Jinshi Bai ist zwar mit seinen 15 Jahren
schon IM, aber sehr wahrscheinlich nicht
mehr lange. Innerhalb von nur drei Monaten
hat der Junge drei Großmeisternormen erspielt: Die erste holte er mit Platz neun bei
der Junioren-WM in der Türkei im Oktober,
die zweite beim London Chess Classic Anfang Dezember, die dritte ebenfalls in London bei einem Open-Turnier unmittelbar
danach. Bei beiden Turnieren in Englands
Metropole reichte es für ihn dazu jeweils
zum geteilten Turniersieg. Nun fehlt ihm
zum GM-Titel, abgesehen von der formellen
Ernennung durch den Weltschachverband
FIDE, nur noch eine Elo-Ratingzahl von
2500. Das sollte Formsache sein. Wenn er so
weiterspielt, kann er diese Grenze schon
beim Böblinger Open überschreiten. Eine
große Bereicherung für das internationale
Flair des Böblinger Open ist Jinshi Bai, der
von seiner Mutter begleitet wird, allemal.
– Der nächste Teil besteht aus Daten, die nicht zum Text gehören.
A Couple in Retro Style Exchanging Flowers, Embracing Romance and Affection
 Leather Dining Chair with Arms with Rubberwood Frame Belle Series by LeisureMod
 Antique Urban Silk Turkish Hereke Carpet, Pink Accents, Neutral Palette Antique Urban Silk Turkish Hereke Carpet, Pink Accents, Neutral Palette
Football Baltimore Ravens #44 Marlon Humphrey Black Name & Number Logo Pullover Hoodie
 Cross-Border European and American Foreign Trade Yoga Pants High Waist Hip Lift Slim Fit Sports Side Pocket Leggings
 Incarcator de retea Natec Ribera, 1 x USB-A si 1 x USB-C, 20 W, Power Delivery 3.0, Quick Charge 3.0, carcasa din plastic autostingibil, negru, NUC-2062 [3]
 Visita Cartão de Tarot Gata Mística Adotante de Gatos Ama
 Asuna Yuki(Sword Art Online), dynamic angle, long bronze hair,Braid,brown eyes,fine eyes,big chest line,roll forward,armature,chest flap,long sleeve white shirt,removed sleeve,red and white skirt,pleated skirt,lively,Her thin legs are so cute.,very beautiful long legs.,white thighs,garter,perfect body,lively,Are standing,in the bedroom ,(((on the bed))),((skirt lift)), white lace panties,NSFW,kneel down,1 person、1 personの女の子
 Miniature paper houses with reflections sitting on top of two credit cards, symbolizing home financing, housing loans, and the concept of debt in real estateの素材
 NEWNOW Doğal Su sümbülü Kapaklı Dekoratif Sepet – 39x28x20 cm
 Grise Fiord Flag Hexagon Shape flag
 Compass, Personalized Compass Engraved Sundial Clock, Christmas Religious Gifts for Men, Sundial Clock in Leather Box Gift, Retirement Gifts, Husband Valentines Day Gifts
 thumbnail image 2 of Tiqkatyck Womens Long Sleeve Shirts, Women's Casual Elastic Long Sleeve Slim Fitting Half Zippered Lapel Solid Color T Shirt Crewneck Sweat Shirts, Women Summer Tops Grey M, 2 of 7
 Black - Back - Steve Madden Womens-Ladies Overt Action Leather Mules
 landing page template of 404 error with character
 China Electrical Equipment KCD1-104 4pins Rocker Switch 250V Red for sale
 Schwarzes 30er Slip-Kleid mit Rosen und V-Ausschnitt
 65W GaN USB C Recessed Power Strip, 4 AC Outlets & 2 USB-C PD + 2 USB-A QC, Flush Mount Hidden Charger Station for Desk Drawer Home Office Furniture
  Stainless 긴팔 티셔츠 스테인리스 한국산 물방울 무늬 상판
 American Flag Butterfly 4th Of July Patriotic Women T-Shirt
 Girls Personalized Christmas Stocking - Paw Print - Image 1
Im B-Turnier sind Jakob Luft vom SC
Botnang und Marc Gibicar von der SV Böblingen noch verlustpunktfrei und treten in
Runde fünf demzufolge gegeneinander an.
Das C-Turnier wird von einem Quartett mit
3,5 Punkten angeführt. Tom Alferi und Soykan Sanoglu, beide von der SV Böblingen,
Ilja Velkov (VfL Sindelfingen) Luisa Besthorn aus Besigheim haben im Moment die
besten Chancen auf den Turniersieg (alle
Ergebnisse unter www.boeblinger-open.de).